-- Study material --

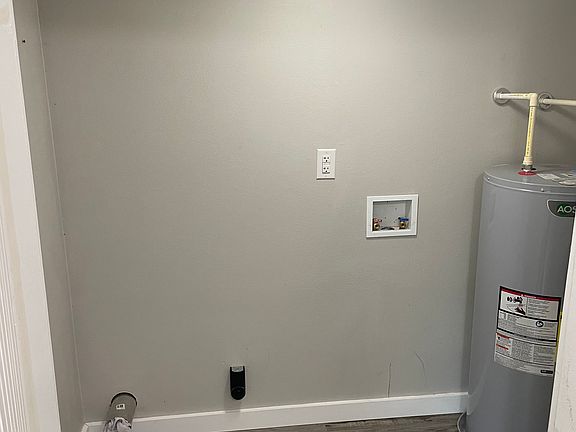 4th image of 371 Cain Ave #1
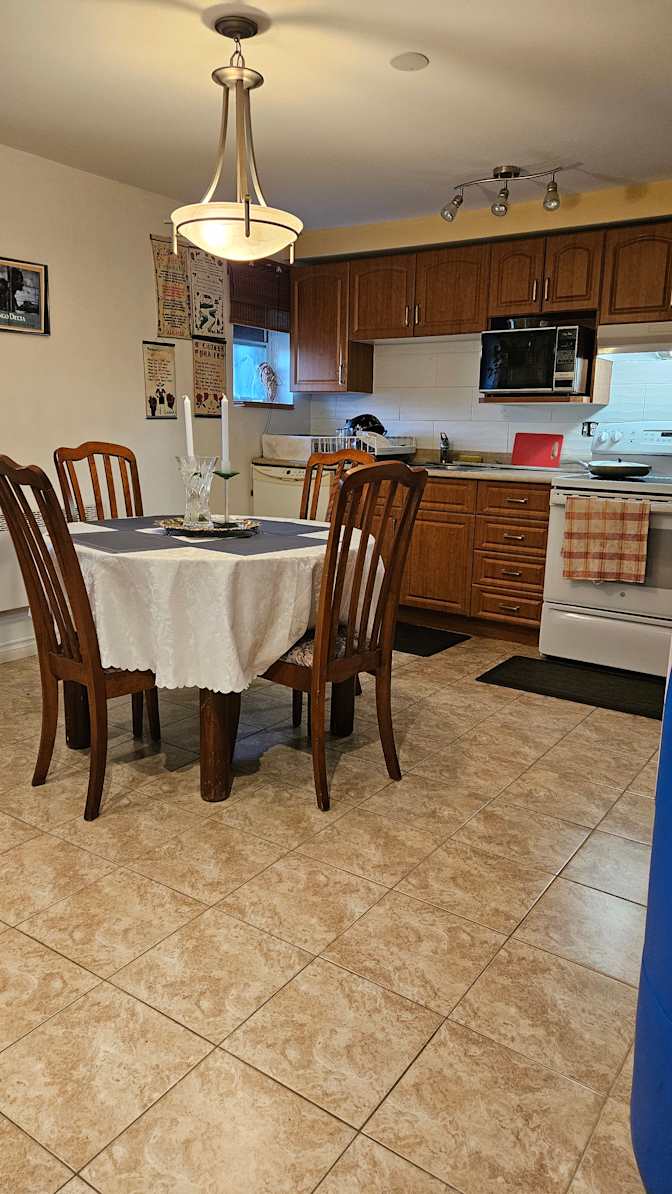 stacy-ann sappleton's room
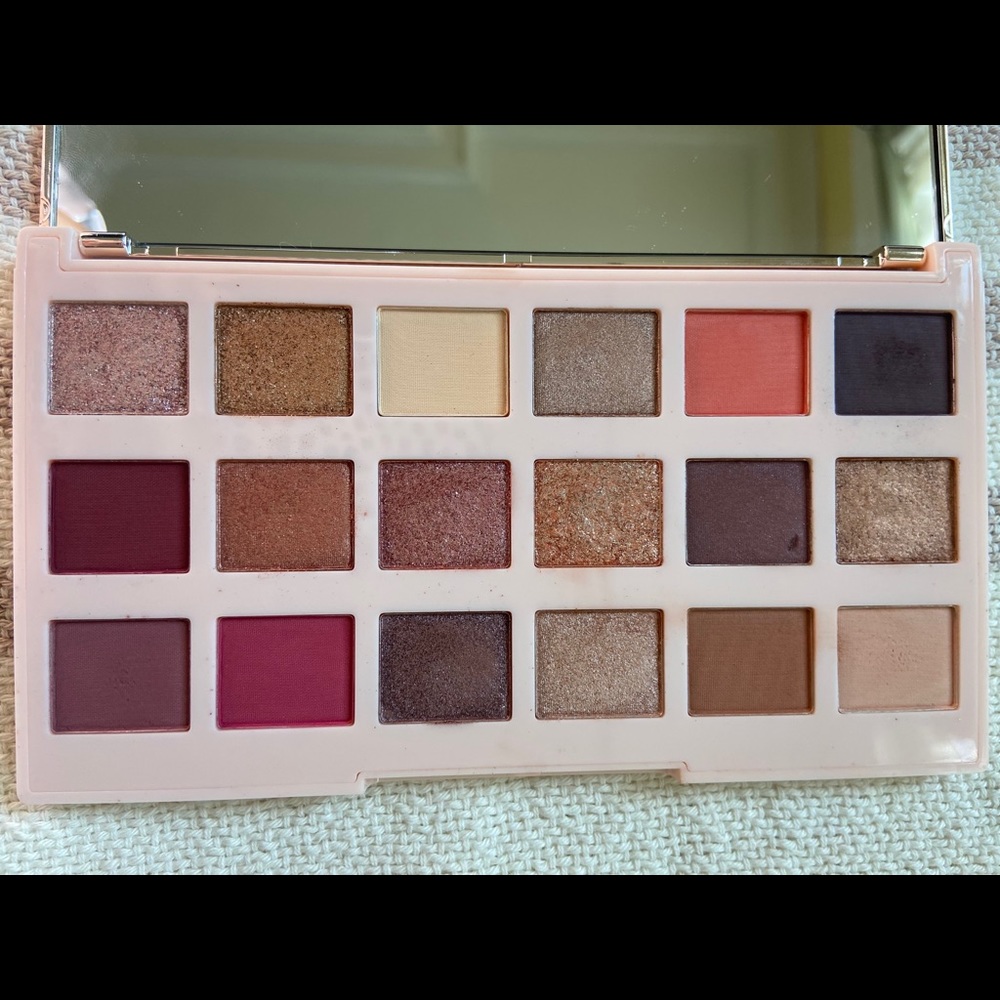 Ciate Editor Palette in Tulum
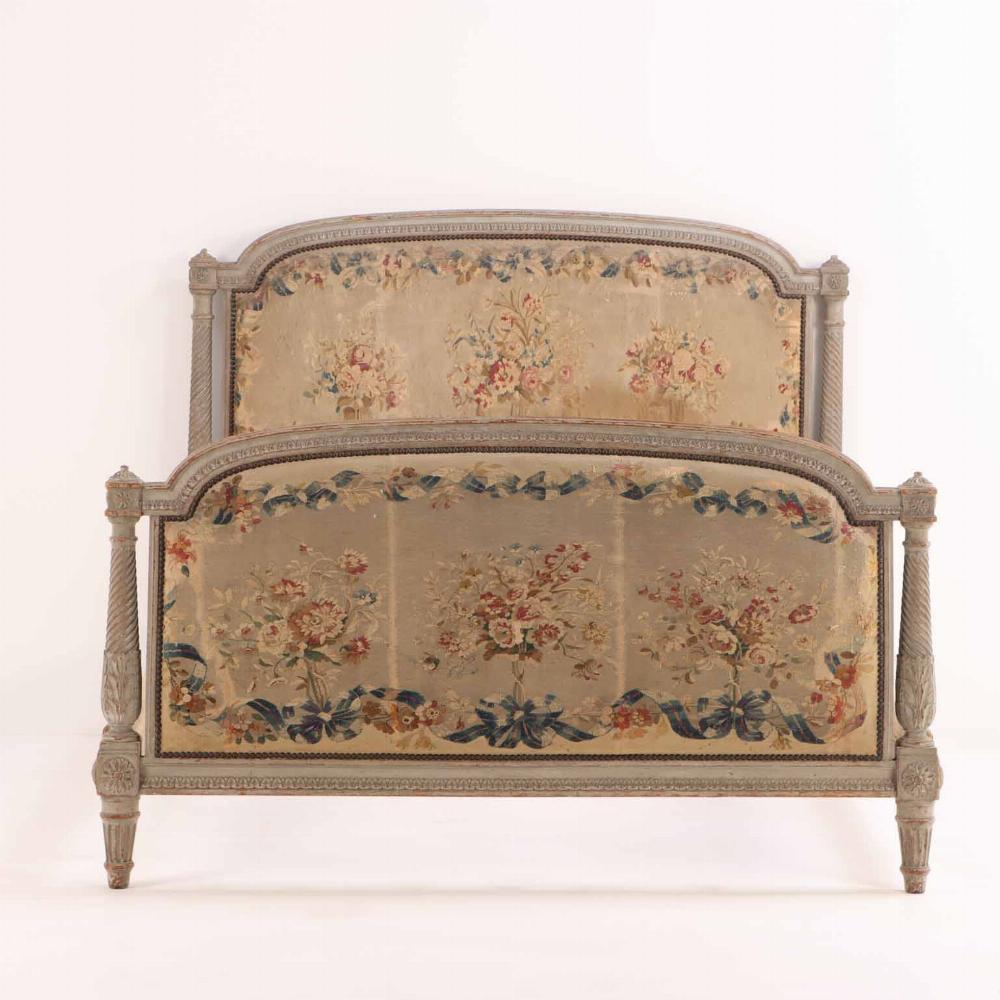 A French Louis XVI style carved and painted, full size bed, 19th C. For Sale 1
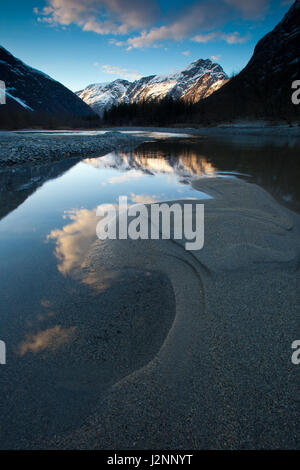 Lumière du soir sur la montagne en Blånebba la vallée de Romsdalen, Møre og Romsdal (Norvège). Dans l'avant-plan est river Rauma. Credit : Oyvind Martinsen/ Alamy Live News Banque D'Images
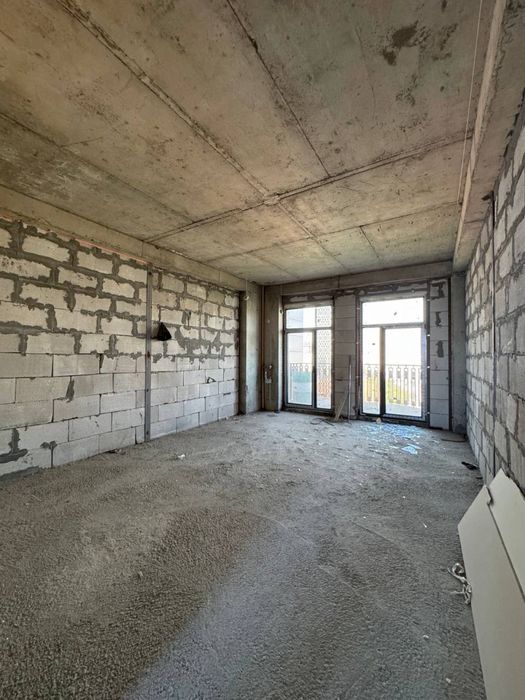 Ул.Нукус Жк "Skyline Towers" 2/9/14 73кв.м коробка срочно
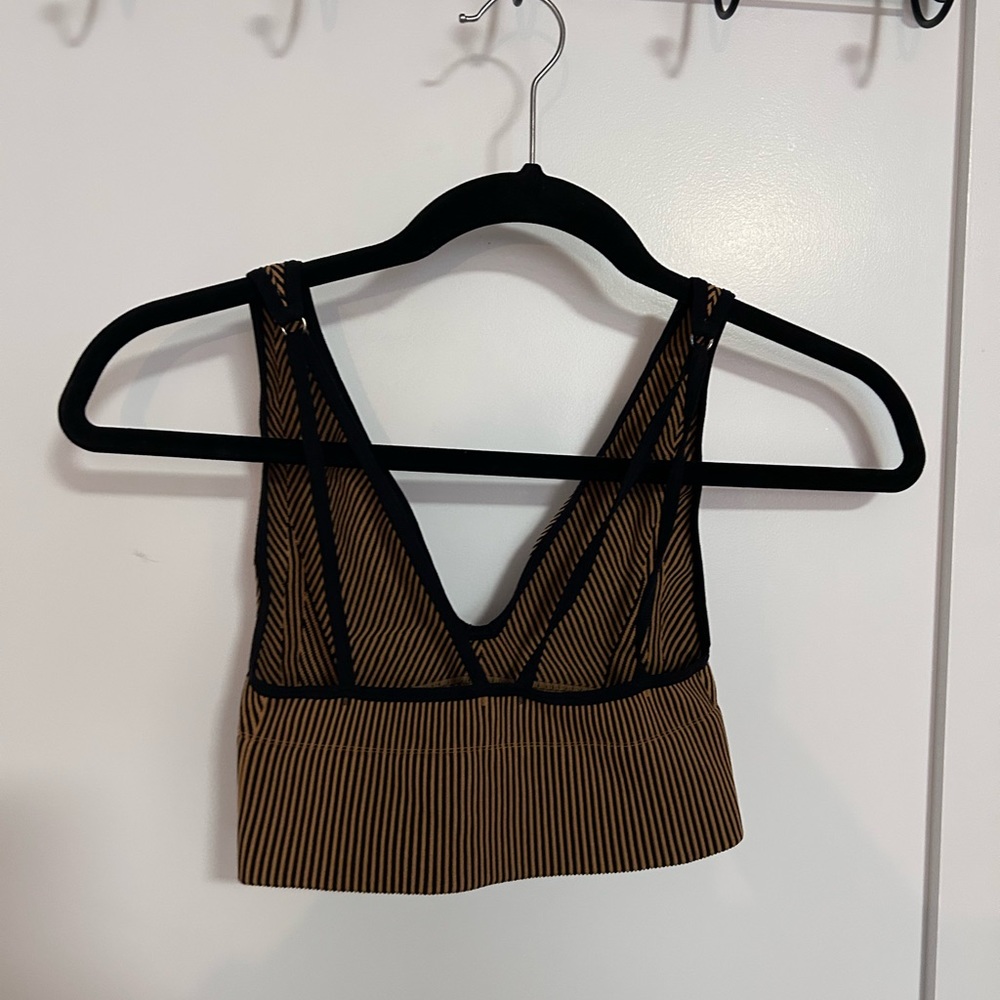 Cropped Ribbed Bralette - Picture 2 of 2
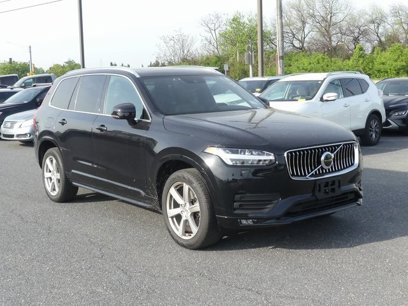 Certified 2022 Volvo XC90 T6 Momentum w/ Climate Package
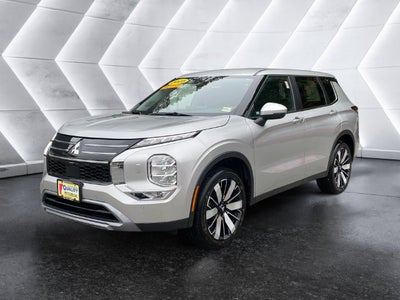2025 Mitsubishi Outlander SE 7 Passenger
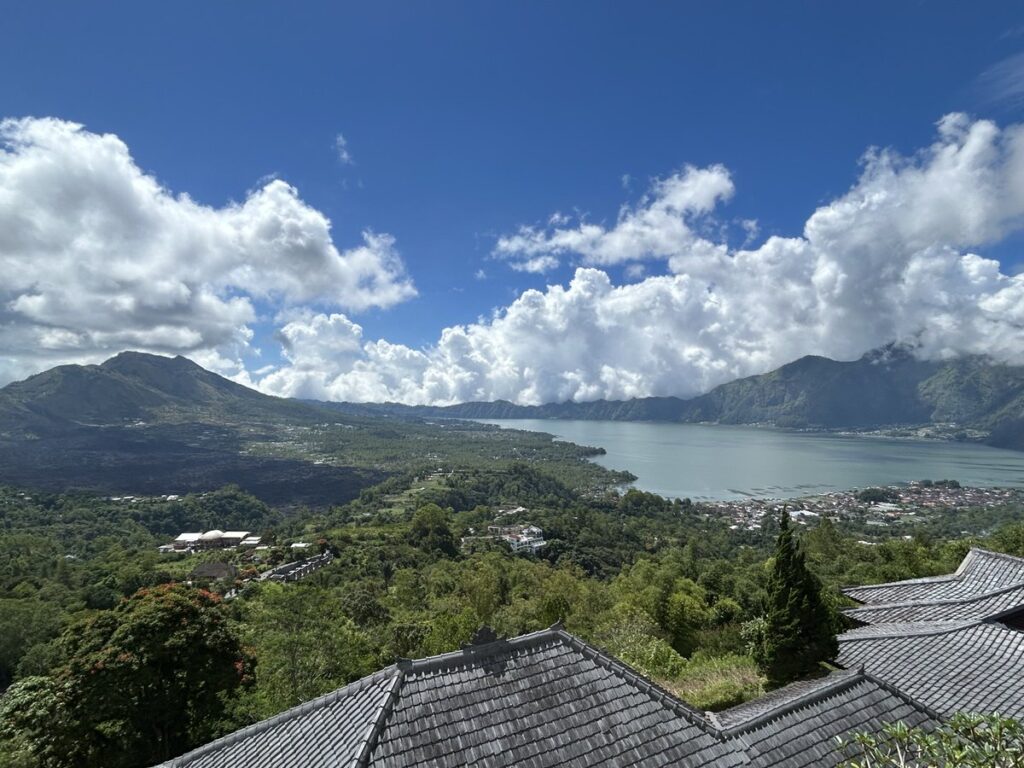 キンタマーニ高原から望むバトゥール山とバトゥール湖
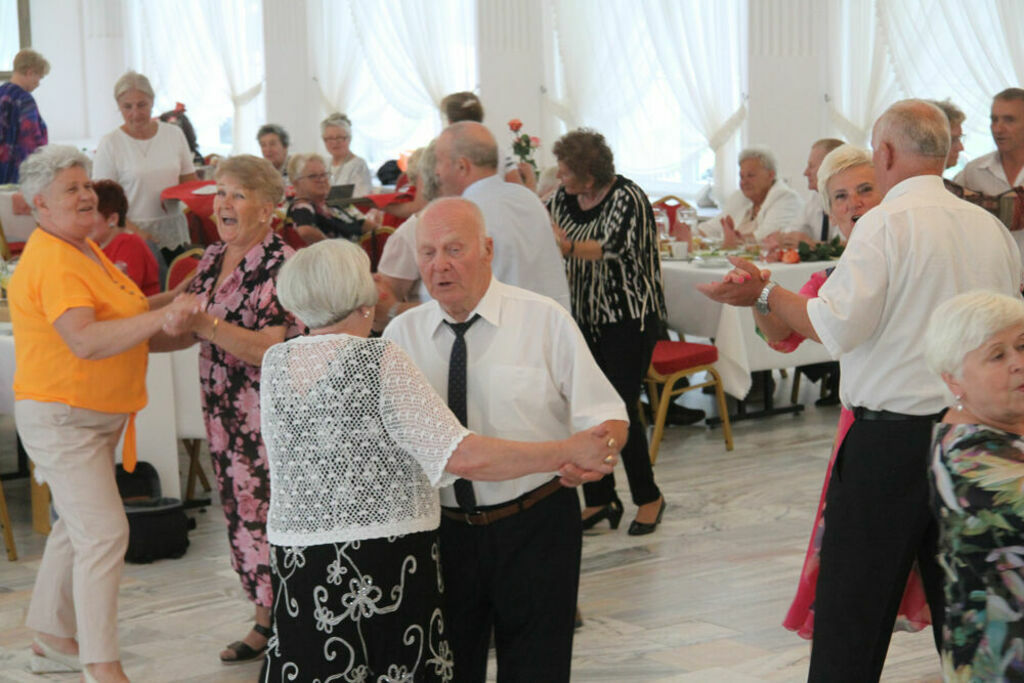 
                                                    40 – lecie Klubu Seniora Jesienna Róża 
                                                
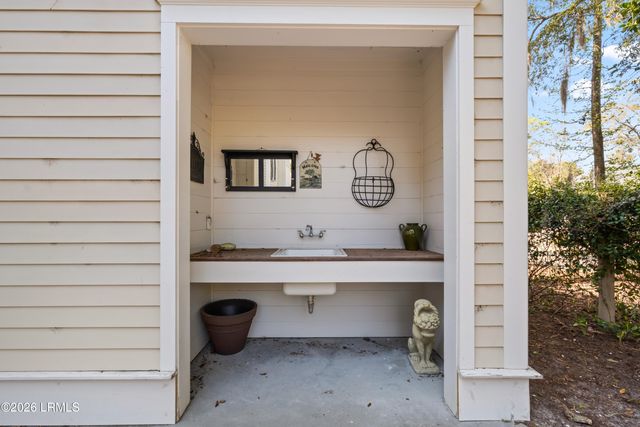 54 James Habersham, Beaufort, SC 29906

-- Task to carry out --
Everything above from the line containing "A French Louis" through the line containing "40 – lecie Klubu" must be repeated exactly, and the pictures must be left out.

-- Task solution --
 A French Louis XVI style carved and painted, full size bed, 19th C. For Sale 1
 Lumière du soir sur la montagne en Blånebba la vallée de Romsdalen, Møre og Romsdal (Norvège). Dans l'avant-plan est river Rauma. Credit : Oyvind Martinsen/ Alamy Live News Banque D'Images
 Ул.Нукус Жк "Skyline Towers" 2/9/14 73кв.м коробка срочно
 Cropped Ribbed Bralette - Picture 2 of 2
 Certified 2022 Volvo XC90 T6 Momentum w/ Climate Package
2025 Mitsubishi Outlander SE 7 Passenger
 キンタマーニ高原から望むバトゥール山とバトゥール湖
                                                    40 – lecie Klubu Seniora Jesienna Róża 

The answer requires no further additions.